Sütaş Süt Ürünleri A.Ş.
- Type: Anonim Şirket
- Industry: Dairy products
- Founded: 1975; 51 years ago in Bursa, Turkey
- Founder: Sadık Yılmaz
- Headquarters: Istanbul, Dudullu OSB, Turkey
- Areas served: Turkey, United States, China, Egypt, Azerbaijan, United Arab Emirates, Qatar, Libya, Iraq, Kuwait and Europe
- Products: strained yogurt, ayran, cheese, kefir, cream, butter, milk, petit suisse
- Website: www.sutas.com.tr

= Sütaş =

Turkish dairy producer

Sütaş Süt Ürünleri A.Ş. (English: Sütaş Dairy Products S.A.) is a Turkish dairy company.
The Company's main products include yogurts, ayran, cheese, strained yogurt, clotted cream, kefir, cream, curd cheese, butter, milk, petit suisse and baby and children's products.

== History ==
Sütaş was founded in 1975 in Bursa, Karacabey District, Uluabat settlement. The muhtar of the settlement, Celaleddin Yılmaz, got his first milk tender from Karacabey Stud in 1958. In 1968, Yılmaz bought the land of the nowadays Sütaş factory and turned it into a manufacturing shop. In 1961, he sold kasseri cheese in Beşiktaş and Aksaray bazaars with the "Yılmaz Kasseris" branding. In 1975, his son Sadık Yılmaz established the Sütaş company.
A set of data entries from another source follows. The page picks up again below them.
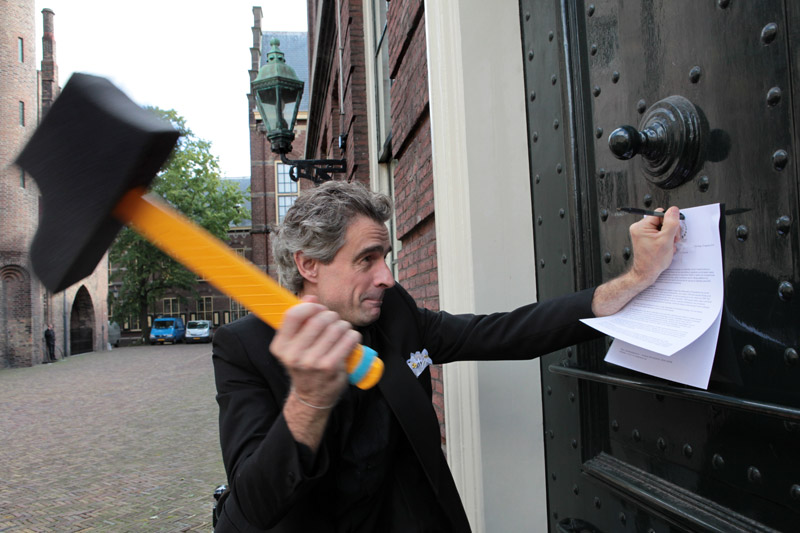 Joep Oomen VOC Protest in den Haag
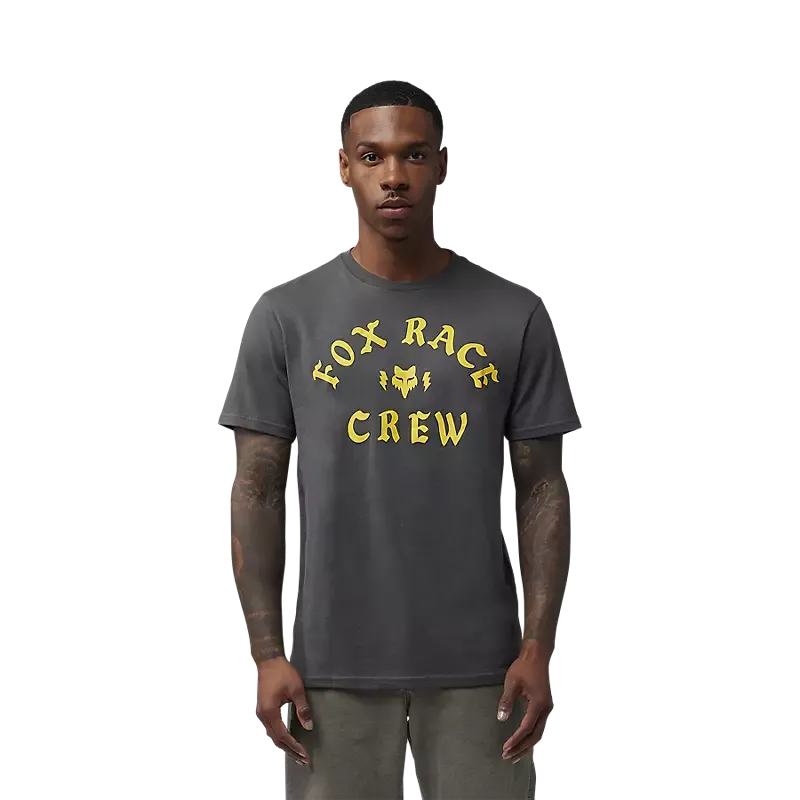 TSHIRT RACE CREW SS PM YLW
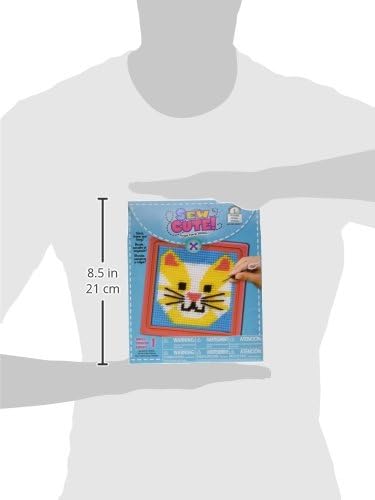 Colorbok 59338 Cat Learn to Sew Needlepoint Kit, 6-Inch by 6-Inch Pink Frame - Image 2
Sütaş has a total of four facilities, three in Turkey, and one in North Macedonia. The company processes 900 million liters of milk every year and offers 77 types of products to its consumers.

== Controversies ==
In July 2014, Sütaş fired 13 workers for being in a union while working at Sütaş. The workers protested this, and Sütaş allegedly poured cow dung on the ground. When this was exposed to the public, COB Muharrem Yılmaz resigned from Turkish Industry and Business Association.